### LISTED ENTRIES
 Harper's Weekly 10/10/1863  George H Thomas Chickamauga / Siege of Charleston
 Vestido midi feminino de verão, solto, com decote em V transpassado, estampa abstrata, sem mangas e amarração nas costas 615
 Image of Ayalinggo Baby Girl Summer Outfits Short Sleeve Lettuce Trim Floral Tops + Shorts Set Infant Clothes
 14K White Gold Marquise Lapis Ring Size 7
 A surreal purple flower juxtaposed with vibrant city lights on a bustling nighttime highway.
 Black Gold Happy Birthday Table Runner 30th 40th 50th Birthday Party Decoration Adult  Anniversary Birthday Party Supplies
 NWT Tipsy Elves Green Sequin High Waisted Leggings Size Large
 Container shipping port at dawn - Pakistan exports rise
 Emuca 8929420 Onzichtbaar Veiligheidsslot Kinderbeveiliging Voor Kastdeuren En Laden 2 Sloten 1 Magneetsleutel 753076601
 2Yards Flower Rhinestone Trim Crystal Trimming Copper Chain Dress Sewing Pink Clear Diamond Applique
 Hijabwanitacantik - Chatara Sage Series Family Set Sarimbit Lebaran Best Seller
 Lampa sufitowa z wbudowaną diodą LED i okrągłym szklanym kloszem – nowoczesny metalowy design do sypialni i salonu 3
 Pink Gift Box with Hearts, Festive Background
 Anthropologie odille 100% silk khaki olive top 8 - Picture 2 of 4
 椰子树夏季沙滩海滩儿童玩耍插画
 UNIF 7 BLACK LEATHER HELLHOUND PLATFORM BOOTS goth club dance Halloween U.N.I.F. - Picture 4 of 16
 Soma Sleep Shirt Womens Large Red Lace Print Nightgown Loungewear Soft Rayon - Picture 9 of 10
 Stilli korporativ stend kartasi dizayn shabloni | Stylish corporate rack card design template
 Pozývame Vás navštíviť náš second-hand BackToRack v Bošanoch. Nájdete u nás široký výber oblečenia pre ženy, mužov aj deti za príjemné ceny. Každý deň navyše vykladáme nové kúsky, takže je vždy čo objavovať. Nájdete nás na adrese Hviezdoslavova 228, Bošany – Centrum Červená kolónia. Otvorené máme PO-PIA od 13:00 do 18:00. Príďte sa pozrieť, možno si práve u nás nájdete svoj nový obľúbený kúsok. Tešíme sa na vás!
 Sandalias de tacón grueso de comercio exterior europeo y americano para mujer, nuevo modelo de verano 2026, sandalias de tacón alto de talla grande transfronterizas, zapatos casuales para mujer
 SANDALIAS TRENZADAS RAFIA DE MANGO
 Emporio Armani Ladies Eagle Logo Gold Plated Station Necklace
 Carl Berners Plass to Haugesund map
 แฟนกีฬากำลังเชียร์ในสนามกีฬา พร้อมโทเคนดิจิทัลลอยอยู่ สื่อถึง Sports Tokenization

### TASK DESCRIPTION
Exactly the lines from the one containing "SANDALIAS TRENZADAS RAFIA DE MANGO" to the final line of the data, both included, should be printed, and nothing more.

### TASK RESULT
 SANDALIAS TRENZADAS RAFIA DE MANGO
 Emporio Armani Ladies Eagle Logo Gold Plated Station Necklace
 Carl Berners Plass to Haugesund map
 แฟนกีฬากำลังเชียร์ในสนามกีฬา พร้อมโทเคนดิจิทัลลอยอยู่ สื่อถึง Sports Tokenization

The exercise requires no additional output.